A technique called image deconvolution sharpens the raw, unprocessed pictures beamed back to Earth. In the April images, New Horizons scientists determined that Pluto has broad surface markings – some bright, some dark – including a bright area at one pole that may be a polar cap. The newer imagery released here shows finer details.
“As New Horizons closes in on Pluto, it’s transforming from a point of light to a planetary object of intense interest,” said NASA’s Director of Planetary Science Jim Green. “We’re in for an exciting ride for the next seven weeks.”
“These new images show us that Pluto’s differing faces are each distinct; likely hinting at what may be very complex surface geology or variations in surface composition from place to place,” added New Horizons Principal Investigator Alan Stern of the Southwest Research Institute in Boulder, Colorado. “These images also continue to support the hypothesis that Pluto has a polar cap whose extent varies with longitude; we’ll be able to make a definitive determination of the polar bright region’s iciness when we get compositional spectroscopy of that region in July.”
The images New Horizons returns will dramatically improve in coming weeks as the spacecraft speeds closer to its July 14 encounter with the Pluto system, covering about 750,000 miles per day.

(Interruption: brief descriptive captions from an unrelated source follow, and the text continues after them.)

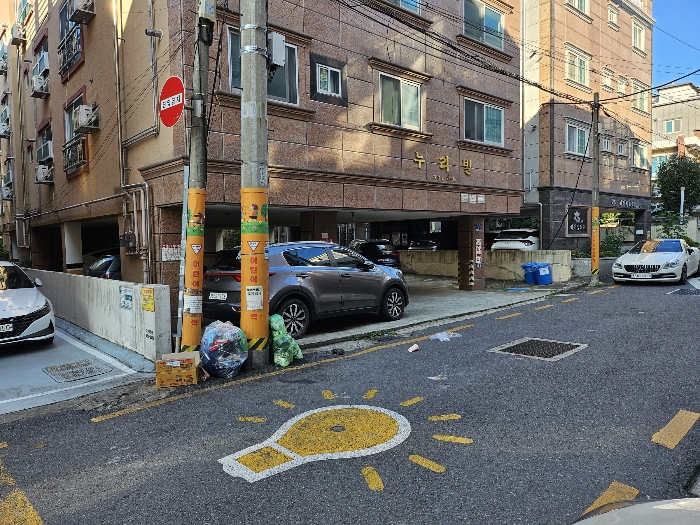 본건 북동측 인접도로 주위환경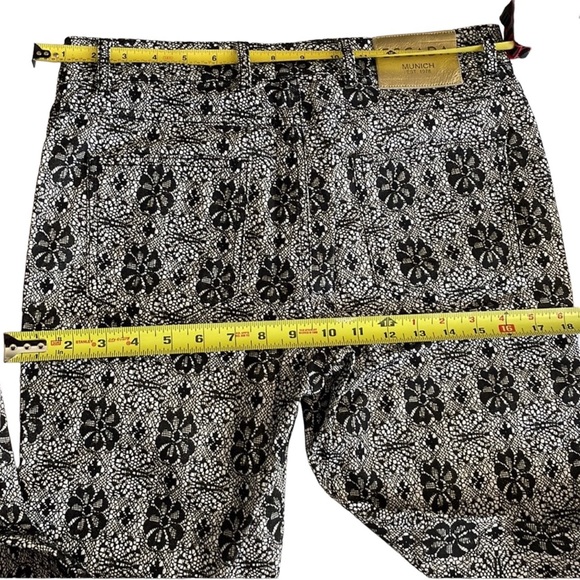 ESCADA black/white lace-look jeans size 36 EU, NWT - Picture 7 of 14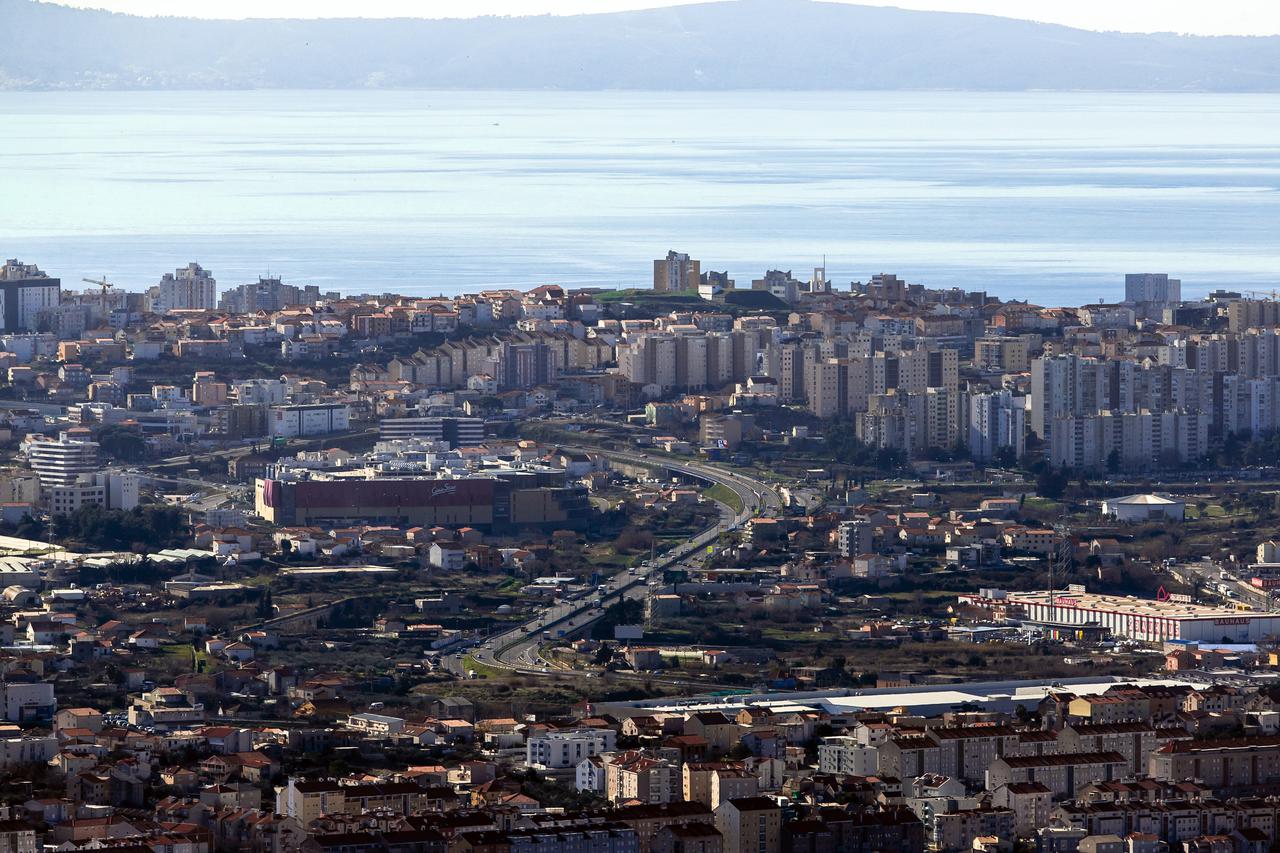 Panorama Splita s tvrđave Klis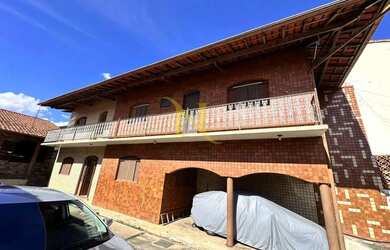 Imagem: A casa possui 2 Dormitórios, 2 Banheiros, 2 Vagas na garagem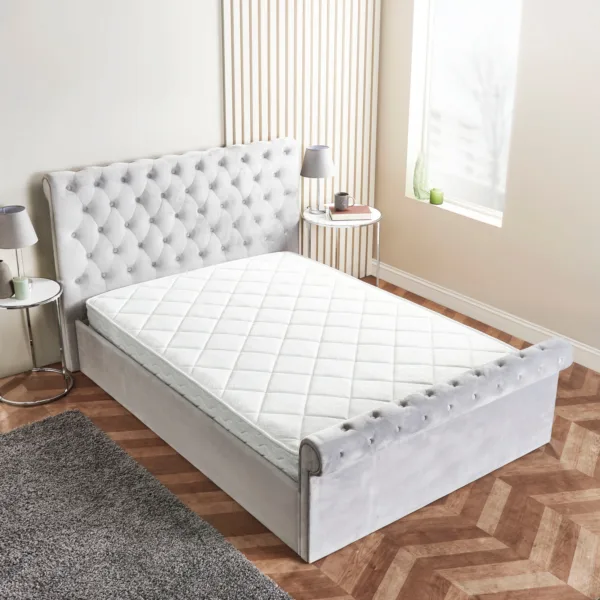 hybrid sprung mattress on sleigh bed frame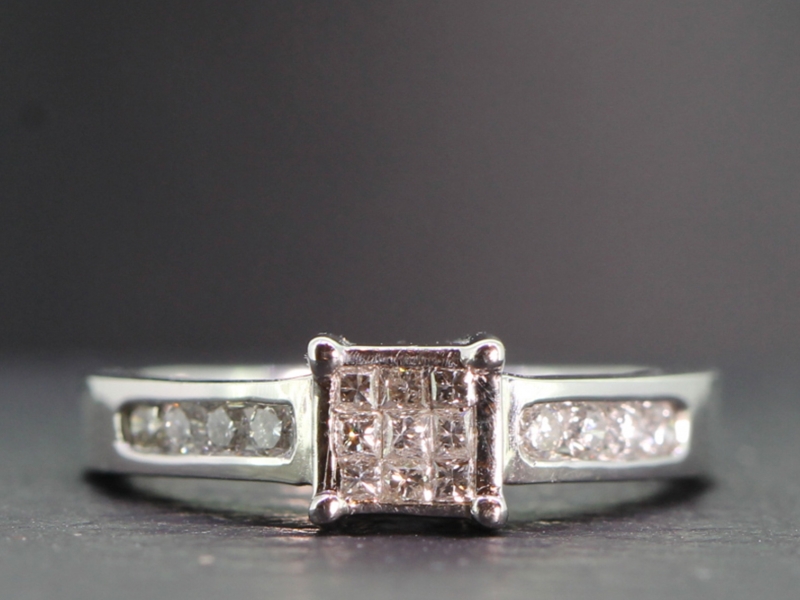 Wonderful 18 carat gold diamond engagement ring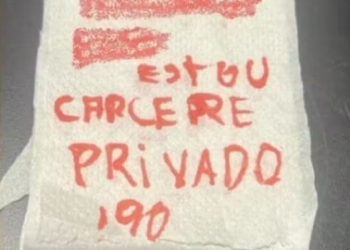 Mulher pede socorro em bilhete de papel higiênico e homem é preso em SC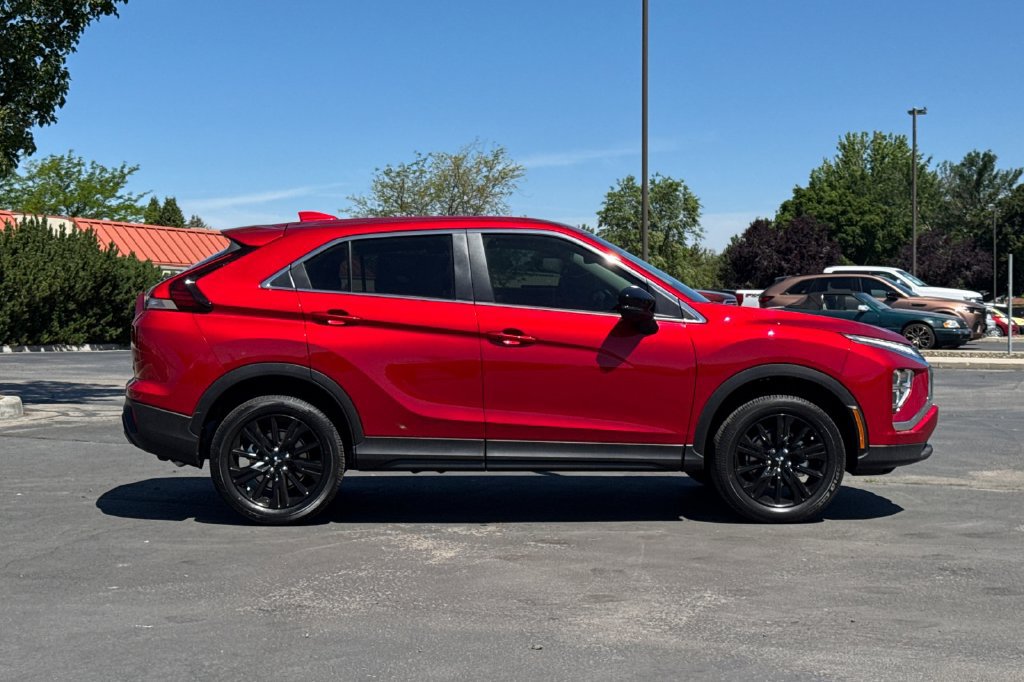 New 2026 Mitsubishi Eclipse Cross LE AWD/4WD image 3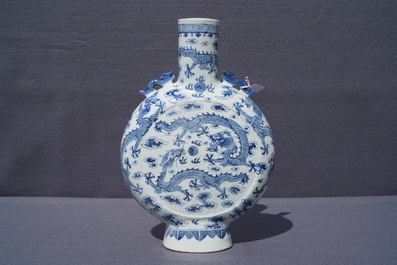 Un vase de forme gourde 'moonflask' en porcelaine de Chine bleu et blanc, 19&egrave;me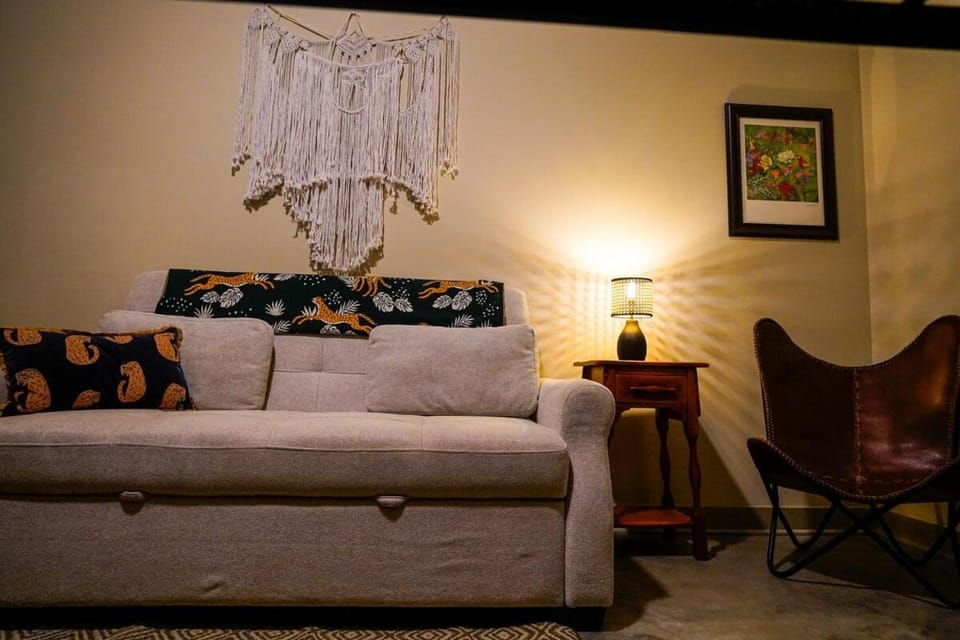 Jungle Jasper Suite - NEW Loft near Massachusetts! Apartment in Lawrence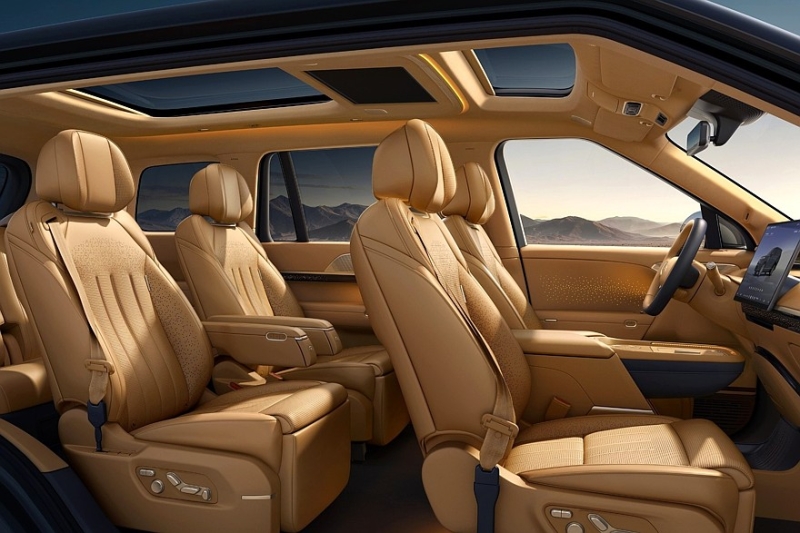 Рывок в премиум: флагманский кроссовер Xpeng GX выходит на рынок с &laquo;полным фаршем&raquo;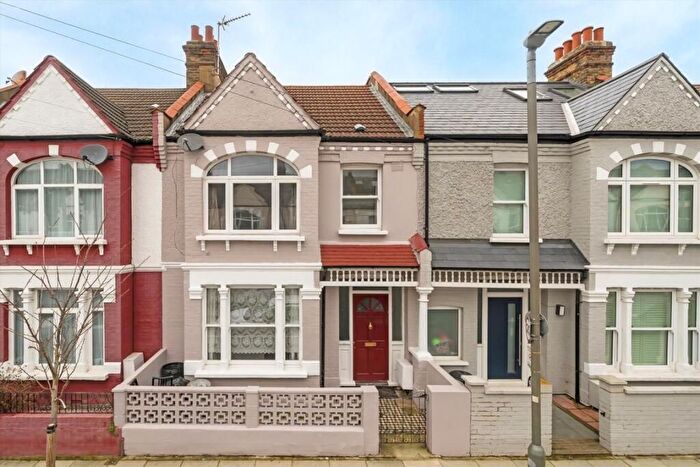 3 Bedroom Property To Rent In Undine Street, London, SW17
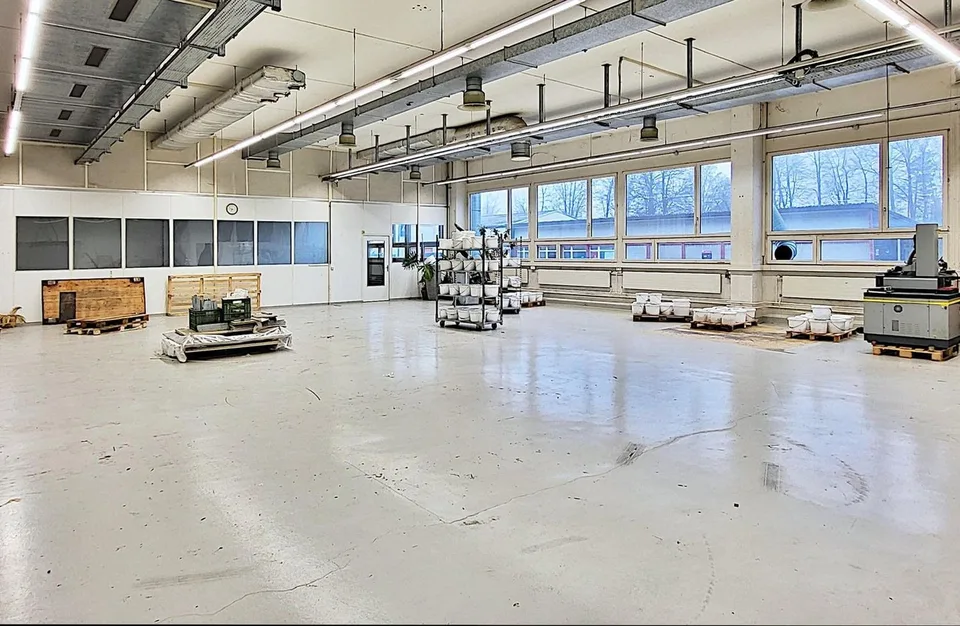 "Lagerhalle im EG - gut 4.6 m Deckenhöhe und 1'000 kg Bodenlast - 1'441 m2 in Hombrechtikon"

“By late June the image resolution will be four times better than the images made May 8-12, and by the time of closest approach, we expect to obtain images with more than 5,000 times the current resolution,” said Hal Weaver, the mission’s project scientist at the Johns Hopkins University Applied Physics Laboratory (APL) in Laurel, Maryland.
Following a January 2006 launch, New Horizons is currently about 2.95 billion miles from home; the spacecraft is healthy and all systems are operating normally.